Sunday, 28 January 2018

Sunday 28th January

"If you can't beat 'em, join 'em." or so I thought on deciding to head back to Ken Dee Marshes to get a few snaps of the greenland white-fronted geese mentioned in my last post.

In fact it wasn't as simple as that.  On arrival at the RSPB car park, a returning couple reported that they had seen neither the geese in question, nor any willow tits - just lots of the usual tits, a woodpecker and some nuthatch.

Their evidence was proved partly correct when my first ever visit to the goose viewing platform revealed nothing but a couple of crows and some unidentifiable ducks in very distant flight.

There was a sign that prospects could be better when a small group of fieldfares took up station in a large tree near the main path.  However at the first hide I saw exactly what they saw, with the bonus that, while Mr Woodpecker was attached to one feeder, Mrs Woodpecker arrived on the other.

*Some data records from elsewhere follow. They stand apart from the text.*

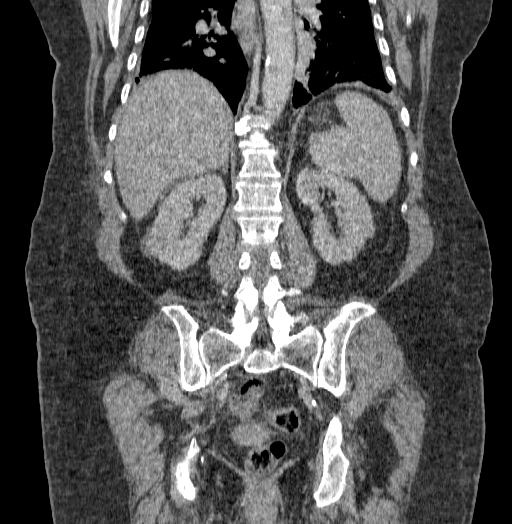 Acute superior mesenteric artery occlusion (Radiopaedia 51288-56960 Coronal C+ portal venous phase 54).jpg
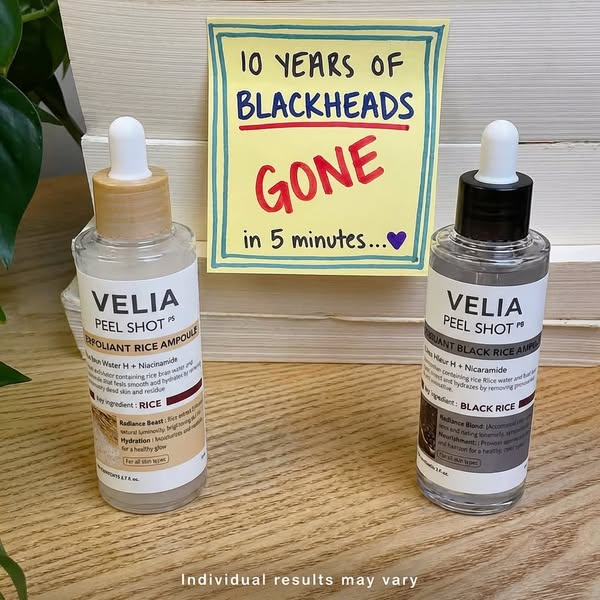 Say goodbye to blackheads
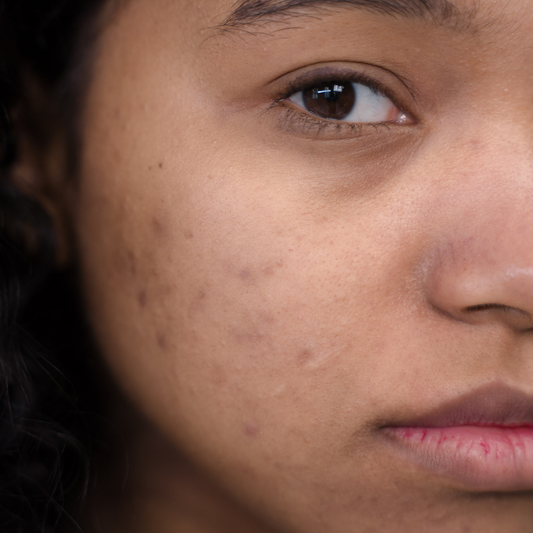 Unveiling the Six Root Causes of Acne (and Their Solutions)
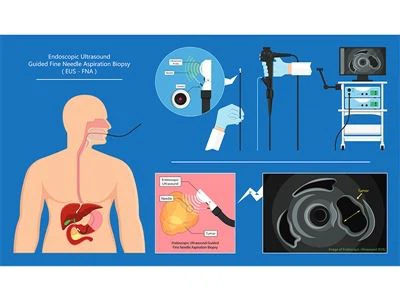Per què necessiteu EUS després d’una gastroscòpia? Respostes d’un gastroenter...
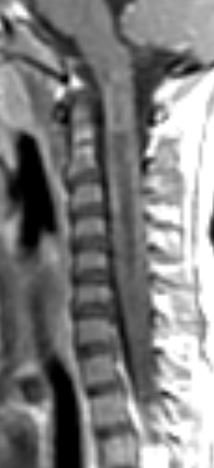 Tip of the day 💡: Heterogeneous, expanded, enhancing along the margins, much edema....yes, agree!...but worth checking AQP4 antibody status- might save the child a biopsy or debulking surgery! Brain and optic nerves were normal in this case. Final diagnosis: AQP4-neuromyelitis.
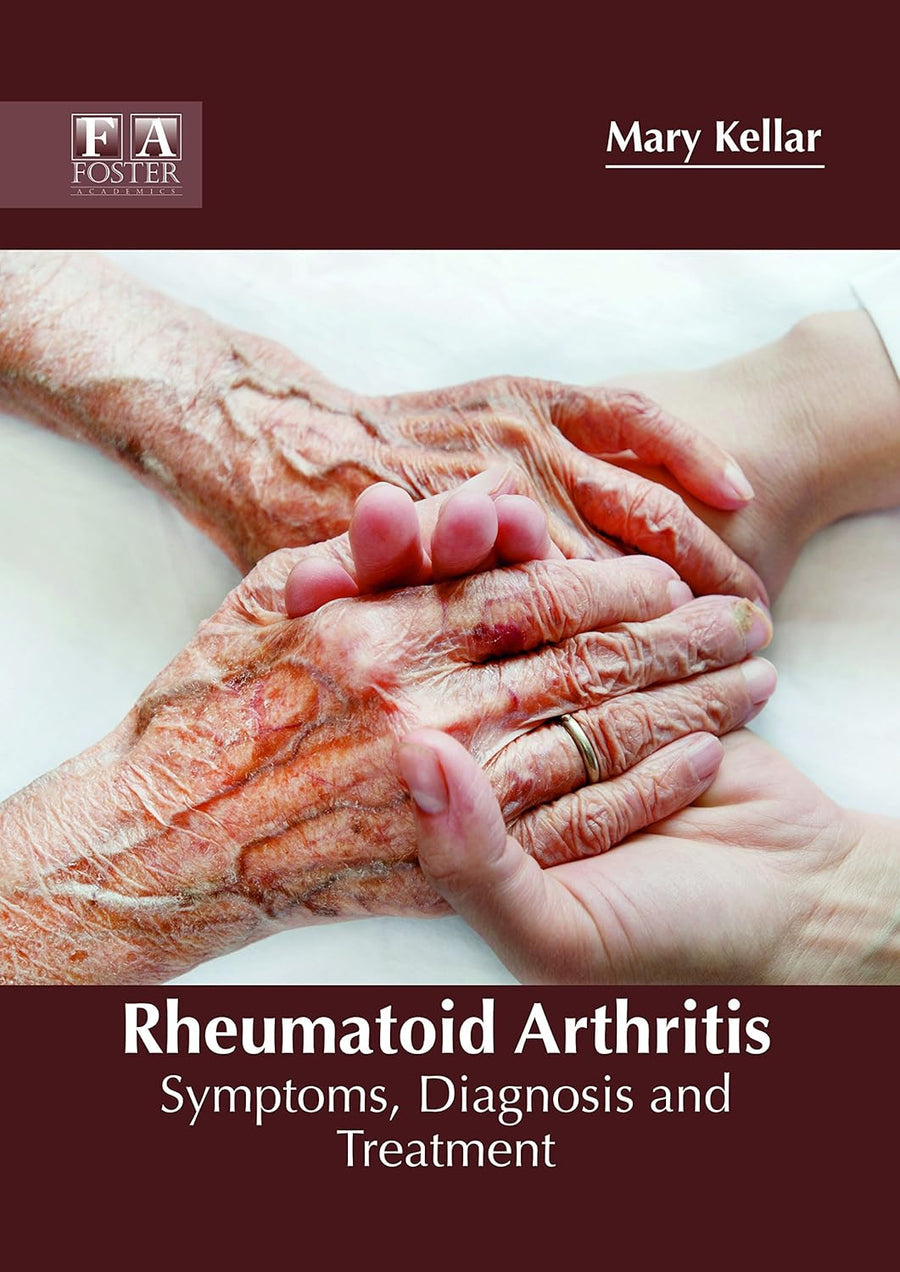 Rheumatoid Arthritis: Symptoms, Diagnosis And Treatment; 1/E 2018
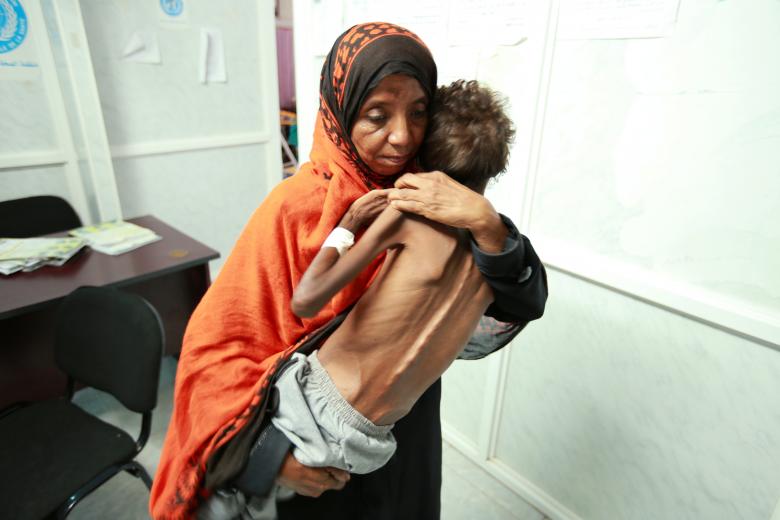 فاجعه قحطی در یمن ادامه دارد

On regaining the main path, I saw a young red deer turn tail and make into the undergrowth.  Continuing bright, low sun and the first sight of this year's snowdrops made it a pleasurable stroll along through the trees to the furthest hide, where I settled down to eat, observing the feeder right next to the side windows.

It was only five minutes before a single willow tit turned up and made several nervous raids on the peanuts whiel evading the attentions of the other birds.  This continued for a good twenty minutes or so.

Willow Tit and Blue Tit
I went to take a bit of a look out of the main windows to see nothing at all.  On returning to the feeder I sat it out again for ten minutes, but tit willow did not reappear.  I must have hit lucky.

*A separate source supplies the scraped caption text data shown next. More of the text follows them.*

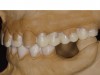 Figure 16 THROUGH 19. Complete full mouth wax-ups after final determination of 3D VDO.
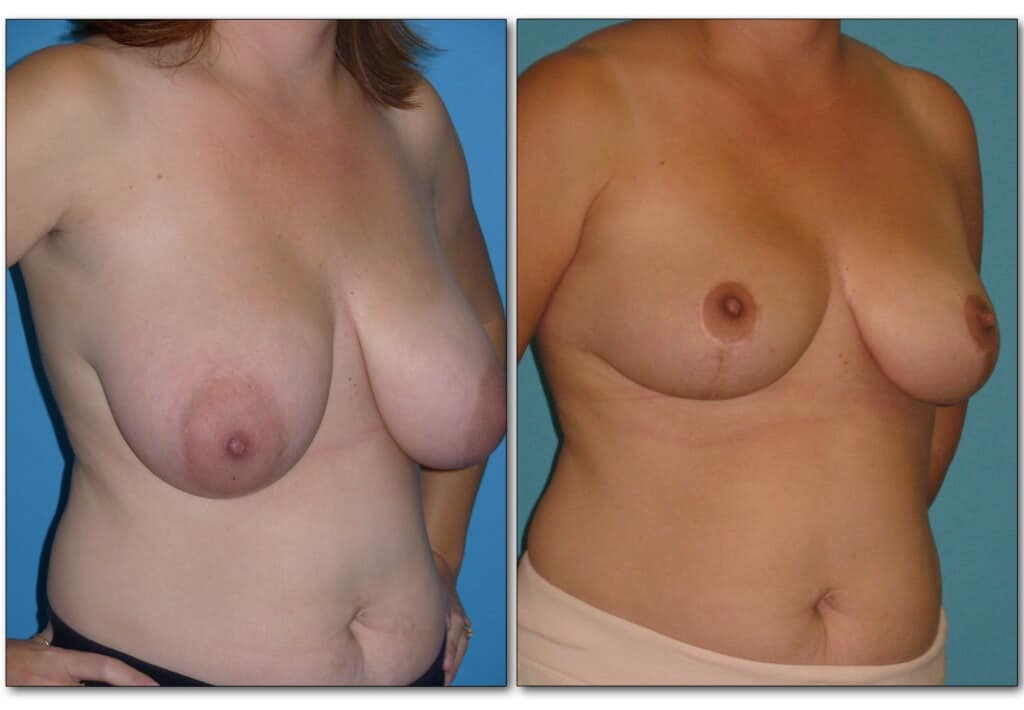 breast-reduction 3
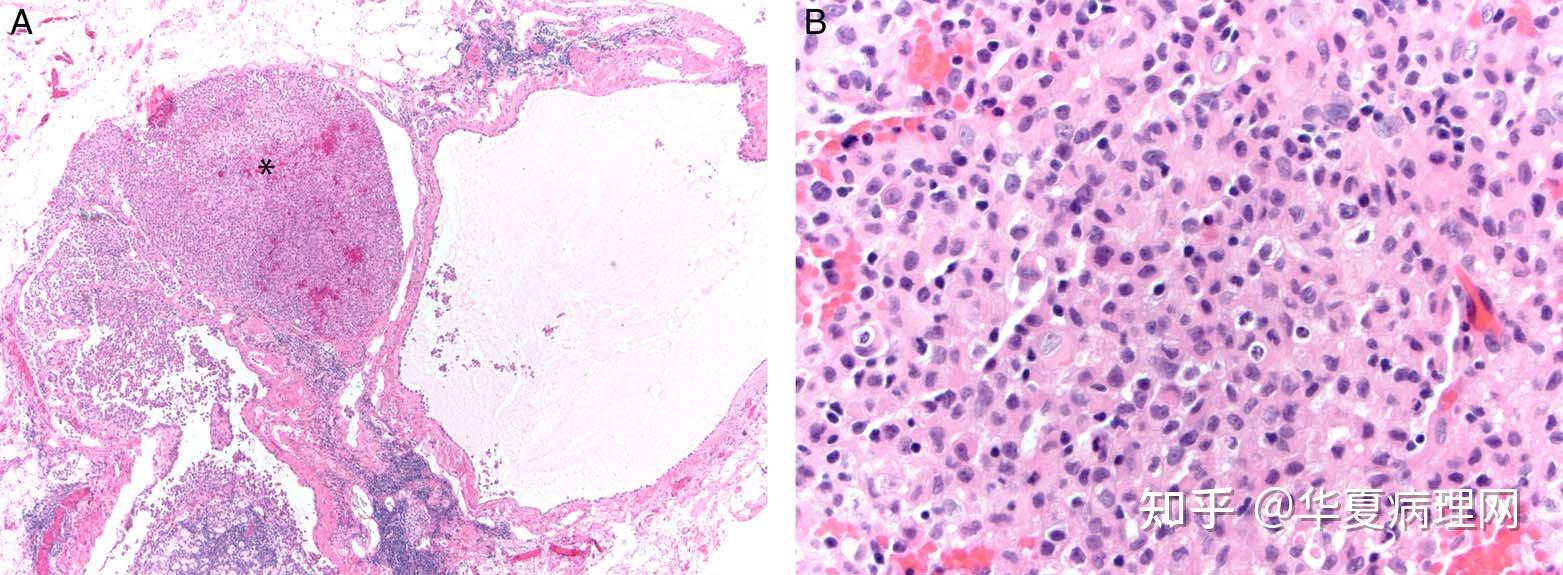 病理医师反间计之心包间皮瘤(二)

After another fruitless visit to the goose viewing platform, I was asked by a couple of new arrivals if I knew the best place to look for the elusive Greenland white-fronted geese.  I told them what I knew - but added that it must be their day off.

Then, taking a last look down the loch, there they were, a group of about thirty just visible in a fold in the landscape about four hundred yards away.  I was simply pleased to get a good enough photo to be able to identify them for certain.

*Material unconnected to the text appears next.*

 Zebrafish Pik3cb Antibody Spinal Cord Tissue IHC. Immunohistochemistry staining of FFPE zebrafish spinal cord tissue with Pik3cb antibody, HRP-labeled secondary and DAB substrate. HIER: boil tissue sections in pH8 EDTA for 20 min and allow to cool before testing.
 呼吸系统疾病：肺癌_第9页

Greeland White-fronted Geese
There was another skein of geese feeding on the road back to Glenlochar, but they proved to be barnacles.

Thursday, 25 January 2018

Thursday 25th January

Thankfully househunting activity has ceased now but has again seriously impeded my nature activities over the past month - as will doubtless the actual move once it comes about.

I got out on the bike on New Year's Day, more for my health than anything else but did encounter a field full of geese that I stopped to observe through the binoculars.  I swithered over whether they were pink-footed geese or greylags but the resulting photo decided in favour of the former, betraying the decisive 'heads dipped in chocolate' appearance.

Heads dipped in Chocolate? Pink-footed Geese
A couple of weeks ago, I started another bike ride from Ken Dee Marshes and encountered a group from the South who were looking for the Greenland White-fronted Geese there. On a cold morning, I wondered briefly whether to join them.  The reward for not doing so was a close up of the rear end of a roe dear but there wasn't anything else that day apart from hearing a woodpecker.  Service was slow in the pub and I had to do a Tour de France effort to get back in time for other commitments.

There have been one or two other minor compensations.  A wren has visited the garden twice and there was definitely a now rare kestrel resting by the A75 on a cold househunting day.

On a break from house hunting in Chopwell Woods, a woodpecker could readily be sighted and there was a goldcrest feeding on the ground near the path.  This was interesting as a lady has posted on Dumfries and Galloway Wildlife and Birding that a goldcrest has regularly been feeding on her lawn. I surmise that they are struggling to find the small insects they eat in the trees just now.